The alliance – between Safety Path, a division of the SmarterLite Group, and Grosvenor Engineering Group (Grosvenor) – will see people and property owners benefit from reliable life-saving exit signs, with each sign saving up to 150 kilograms of greenhouse gas emissions per annum for every sign that is installed.

Grosvenor manages the technical operational technology equipment and systems of more than 12,000 commercial buildings.

Building owners will save more than $150 per exit sign per annum over the 30 year life of the product. With many medium size buildings having over 100 exit signs, their owners will be closer to carbon neutrality and reduced eWaste, and achieve annual savings of $15,000 per hundred signs. Some major corporates are responsible for thousands of exit signs and will save many millions of dollars by converting to Safety Path signs.

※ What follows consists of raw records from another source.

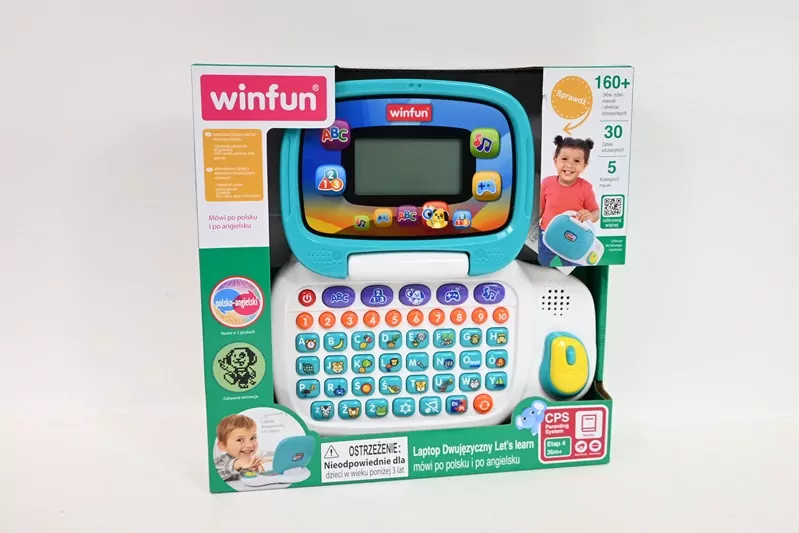 Laptop dwujęzyczny - tantis.pl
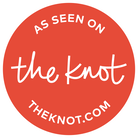 As seen on the knot.com logo
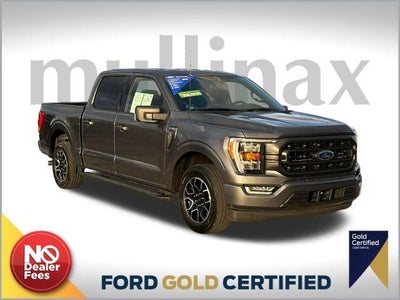 2021 Ford F-150 4X2 XL 4DR Supercrew 5.5 FT. SB
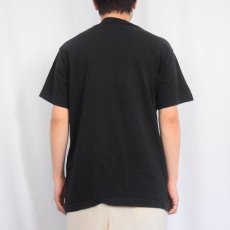 画像3: 90's USA製 "DID YOU FART OR ARE WE IN KOKOMO?" ジョークプリントTシャツ BLACK L (3)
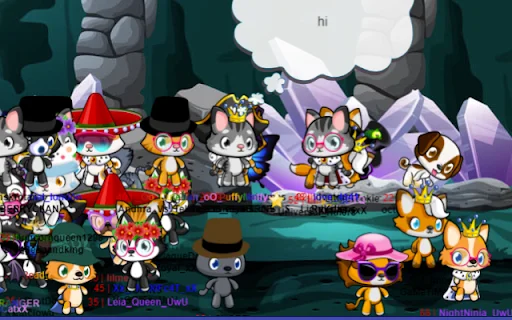 ดาวน์โหลด Meow, The Cat Pet ล่าสุด – สัตว์เลี้ยงเสมือนจริงบนหน้าจอ ฟรี - Screenshot 3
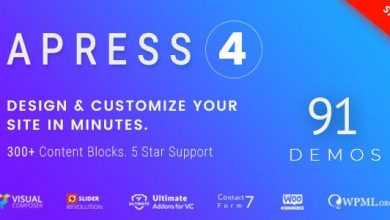 Photo of [Download-S2] Apress v4.0.2 - Responsive Multi-Purpose Theme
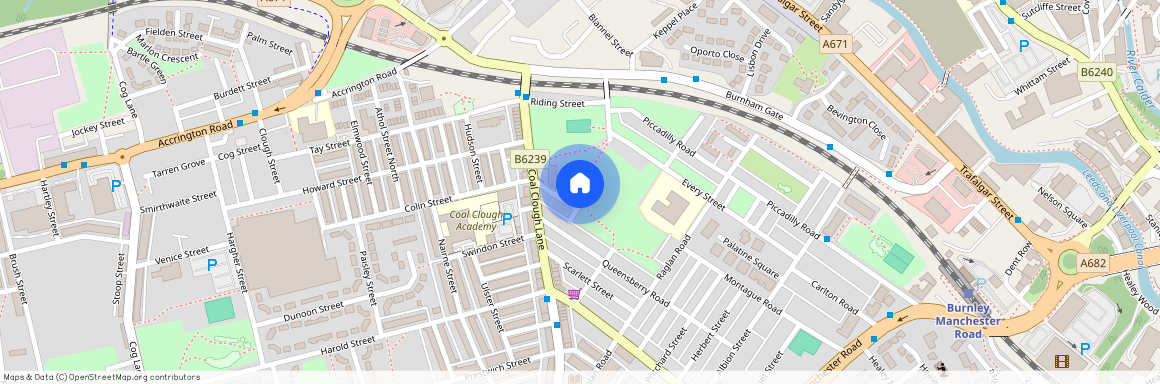 Grant Street, 33, BB11 4LN, Burnley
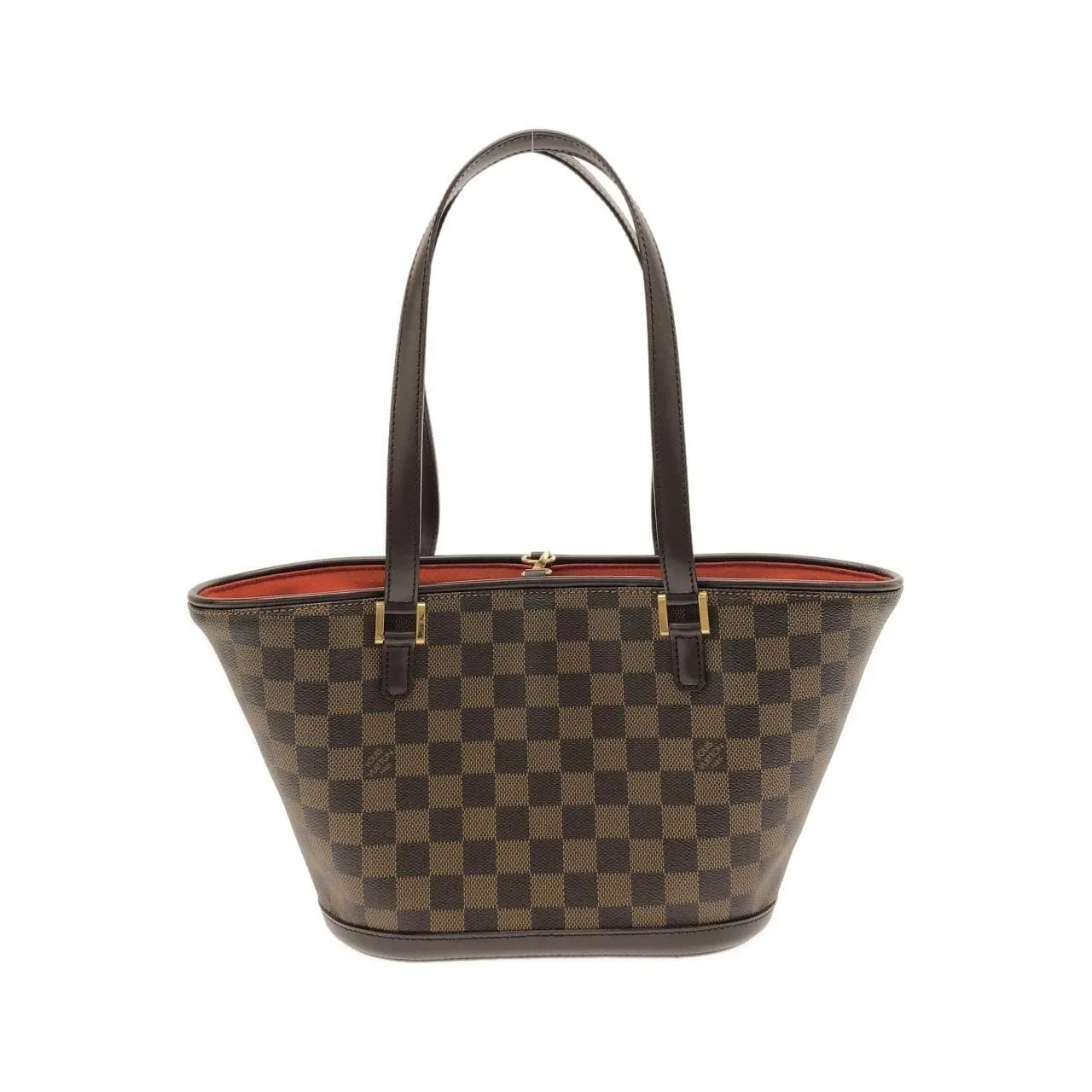 LOUIS VUITTON N51121 Handbag Damier 黑色 Damier 中古品A - 縮圖 2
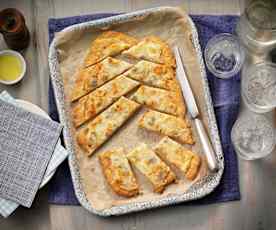 Pains aux quatre fromages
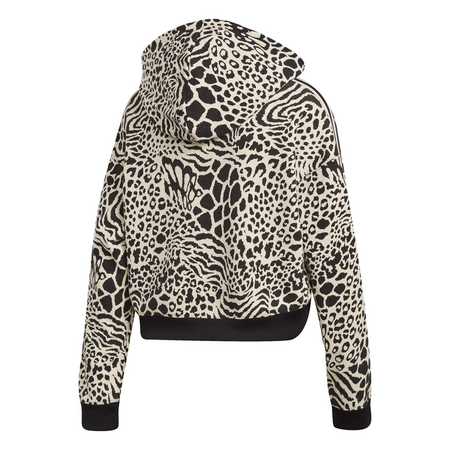 Adidas Originals AOP Kapuzenpullover W "Leopard"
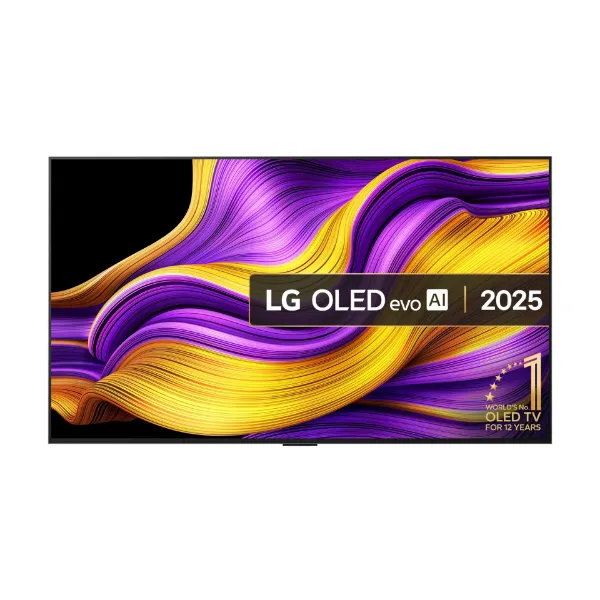 LG OLED evo AI G5 55" 4K Smart TV_front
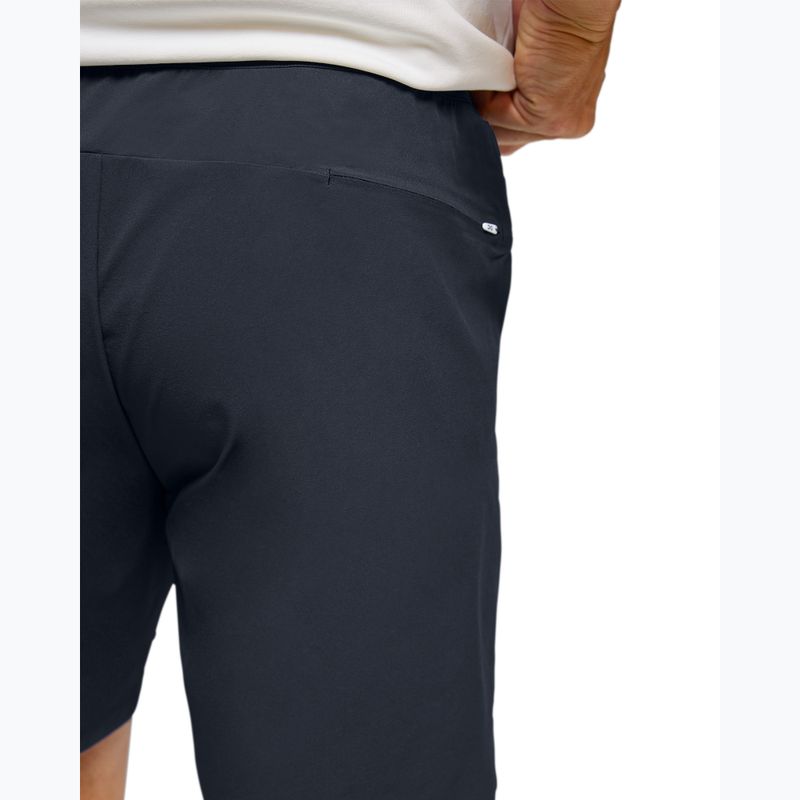 Pantaloncini da corsa da uomo On Running Performance Hybrid navy 7
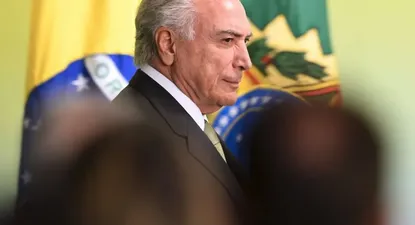 policia solicita incluir a temer en una investigacion por petrobras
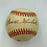 Newt Kimball Chicago Cubs Signed National League Baseball With JSA COA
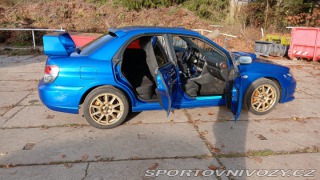 Subaru Impreza STi Spec C RA LHD v ČR 2006
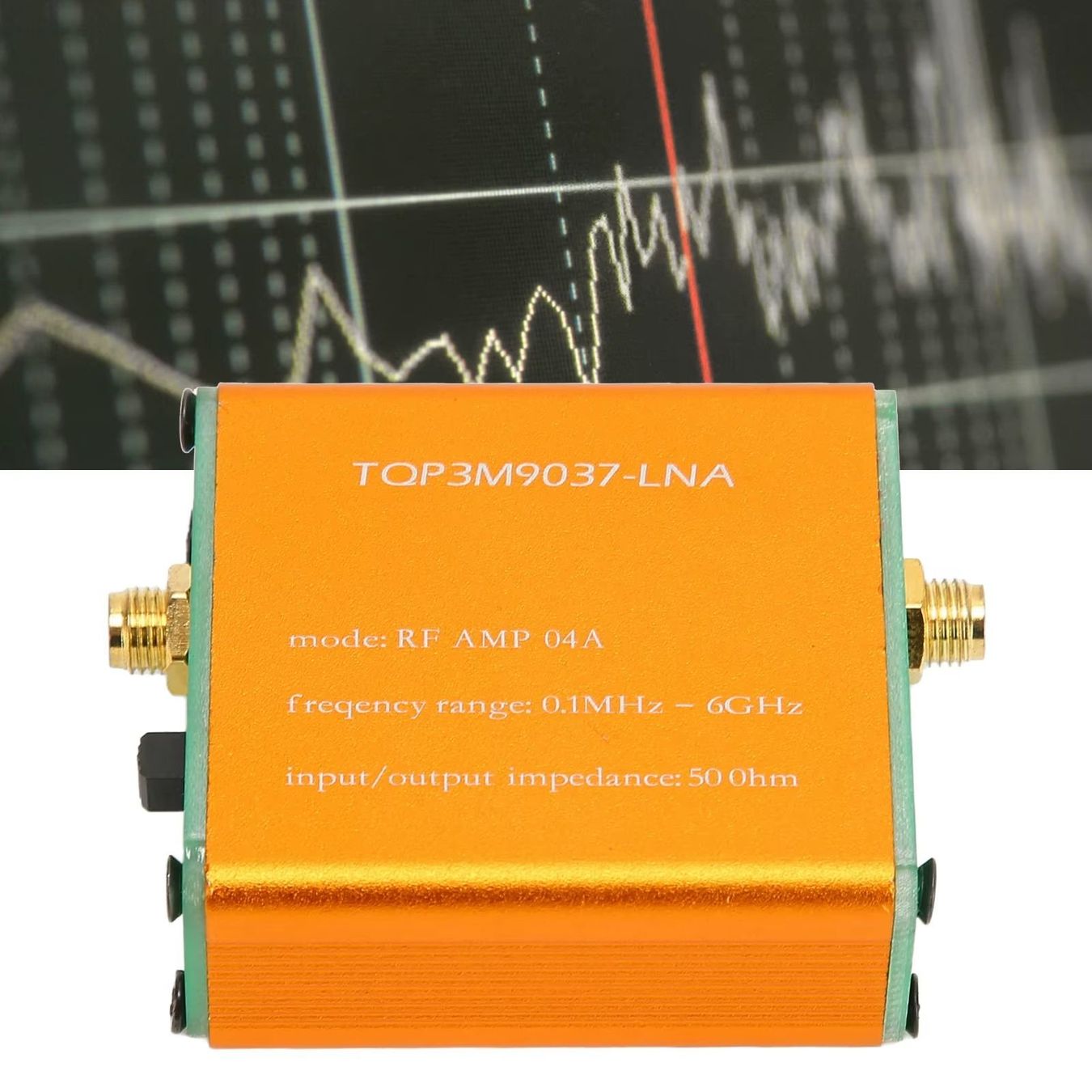 Radiocomunicazione: RF Vorverstärker RF Preamplifier SMA – Nuovo (secondo la descrizione) da Zürich venduto da youelec 2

The Safety Path exit signs use photoluminescent technology which stores light and emits it in an emergency. The signs don’t need an electrical connection, meaning – unlike electric signs – they can’t fail because of a faulty component or when power is disrupted.

Nicholas Lianos, CEO at Grosvenor Engineering Group said:

“In our continuing quest to support customers with the latest most environmentally friendly building technology innovations, Grosvenor will be offering the Safety Path product range to our client base due to its superior performance, enhanced sustainability capability and lowest total cost of ownership.”

“Safety Path manufactures and distributes the world’s safest, most efficient and smartest exit sign. There is no power, carbon emissions, batteries or e-Waste and it has an estimated 30 years of useful life with a warranty of 12 years.”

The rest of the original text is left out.